Task brief:
When you reach the line below that has "LICKLIP Garden Solar", start returning lines exactly, and stop after the line that has "Comfort Suites Lake Charles Exteriör bild"; skip the pictures.

Entries shown:
━━━━━━━━━━

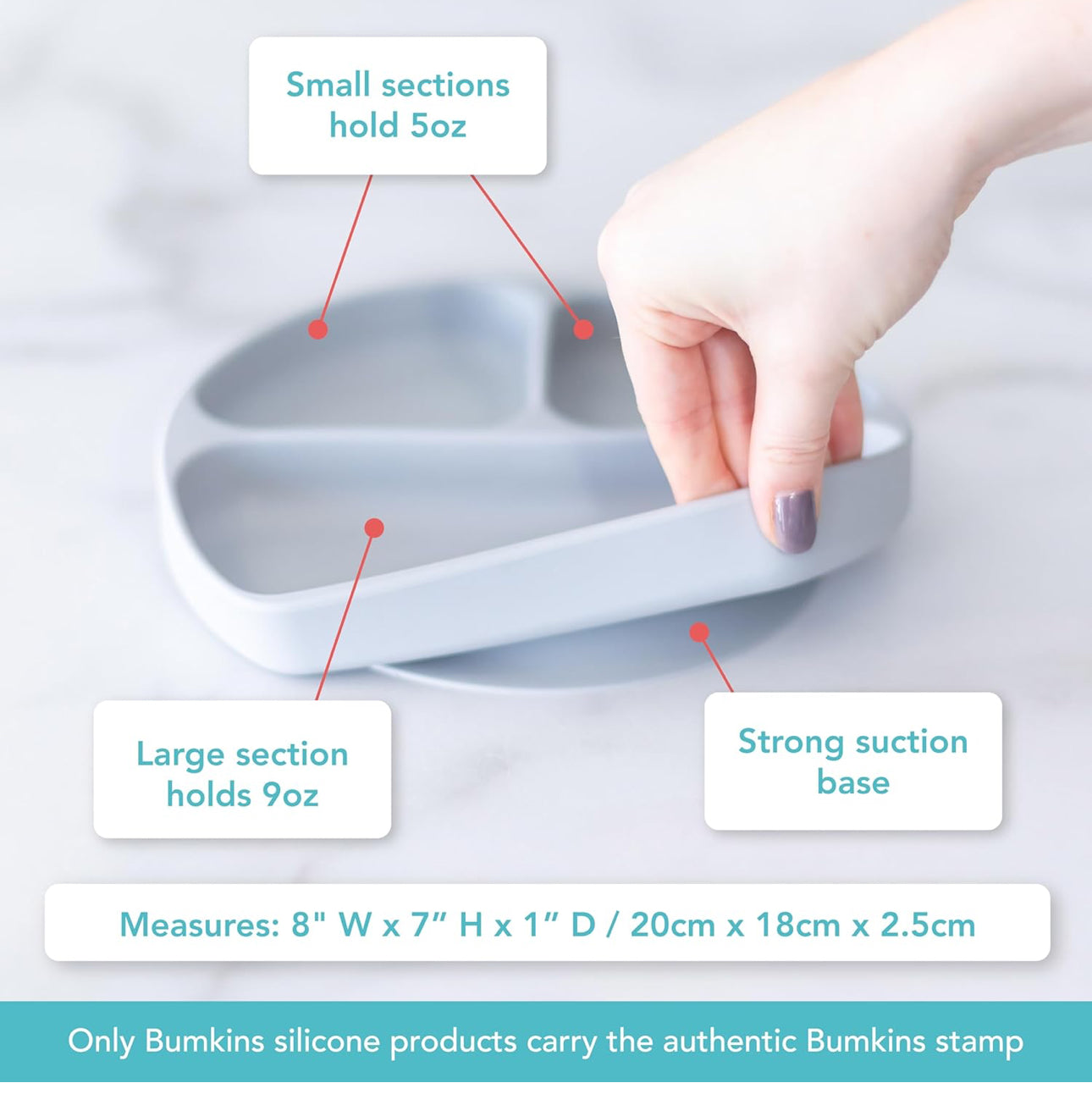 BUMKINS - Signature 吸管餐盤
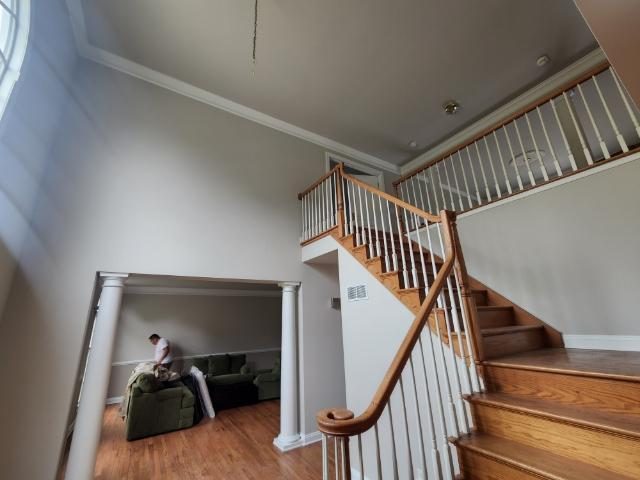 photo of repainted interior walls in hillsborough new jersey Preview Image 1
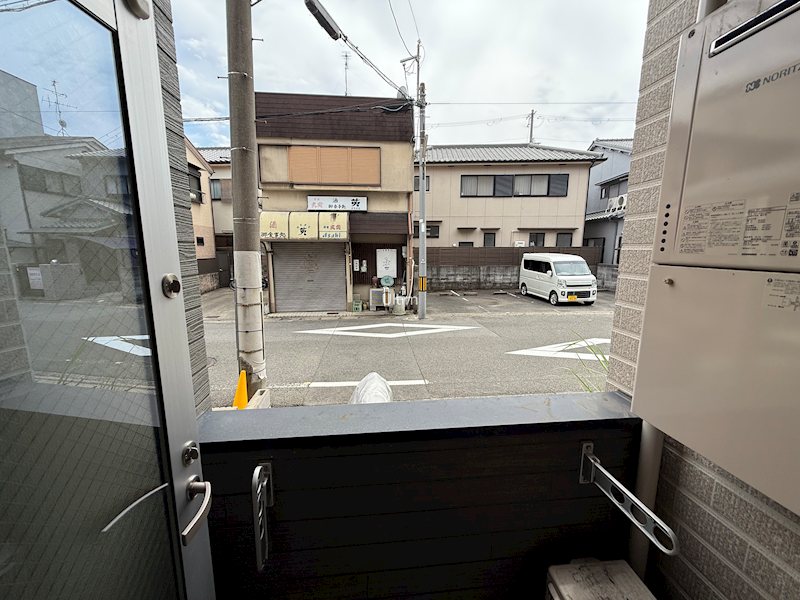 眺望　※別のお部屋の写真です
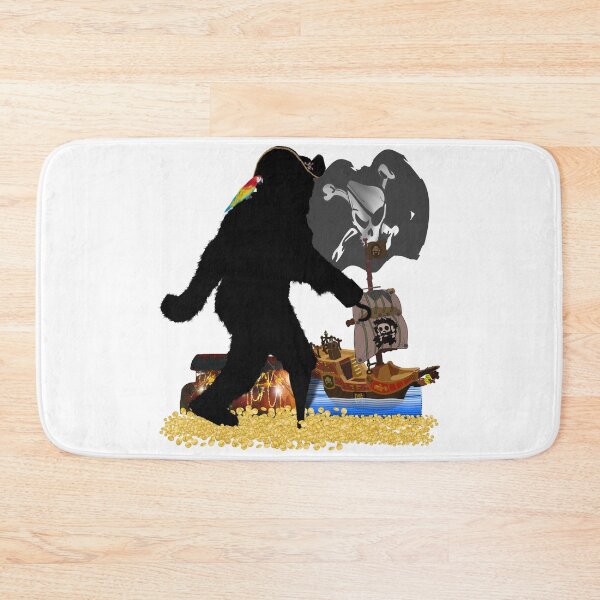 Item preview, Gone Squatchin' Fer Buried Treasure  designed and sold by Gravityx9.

━━━━━━━━━━

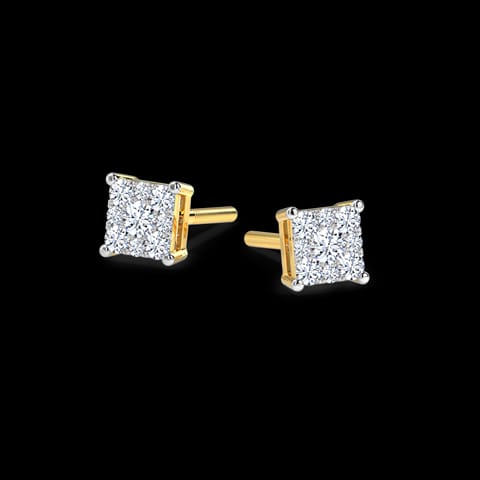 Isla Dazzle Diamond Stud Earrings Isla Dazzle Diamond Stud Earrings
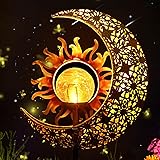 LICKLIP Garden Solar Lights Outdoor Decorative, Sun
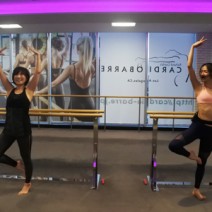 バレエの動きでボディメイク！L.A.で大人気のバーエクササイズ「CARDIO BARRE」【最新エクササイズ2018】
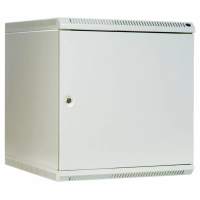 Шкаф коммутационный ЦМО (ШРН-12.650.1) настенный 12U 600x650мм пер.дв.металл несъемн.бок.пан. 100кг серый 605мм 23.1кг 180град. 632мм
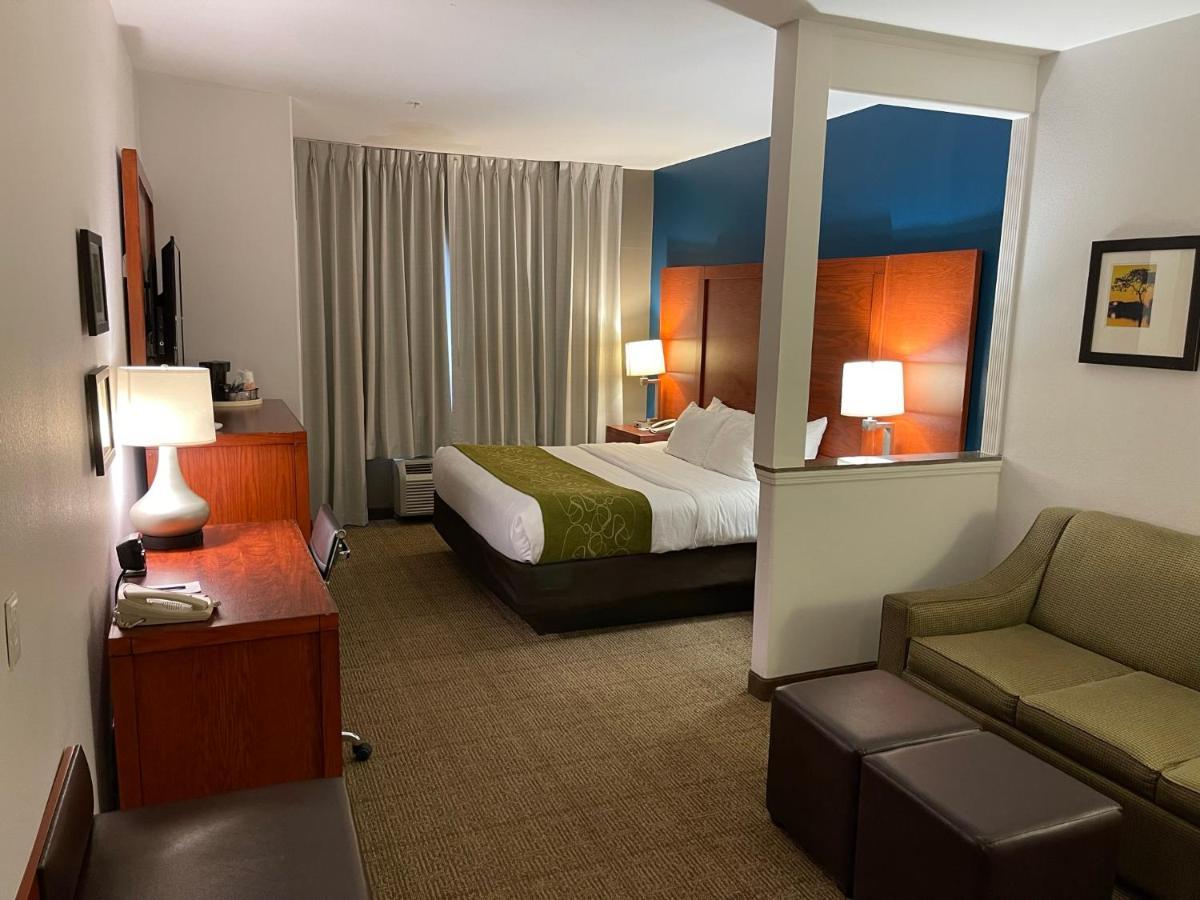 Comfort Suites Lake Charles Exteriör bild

━━━━━━━━━━

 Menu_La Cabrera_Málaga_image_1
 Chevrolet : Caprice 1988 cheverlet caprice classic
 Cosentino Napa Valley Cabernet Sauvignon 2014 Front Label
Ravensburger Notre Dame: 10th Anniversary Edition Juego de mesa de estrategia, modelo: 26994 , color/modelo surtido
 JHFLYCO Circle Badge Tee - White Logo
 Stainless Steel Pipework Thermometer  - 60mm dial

━━━━━━━━━━

Written reply:
 LICKLIP Garden Solar Lights Outdoor Decorative, Sun
 バレエの動きでボディメイク！L.A.で大人気のバーエクササイズ「CARDIO BARRE」【最新エクササイズ2018】
 Шкаф коммутационный ЦМО (ШРН-12.650.1) настенный 12U 600x650мм пер.дв.металл несъемн.бок.пан. 100кг серый 605мм 23.1кг 180град. 632мм
 Comfort Suites Lake Charles Exteriör bild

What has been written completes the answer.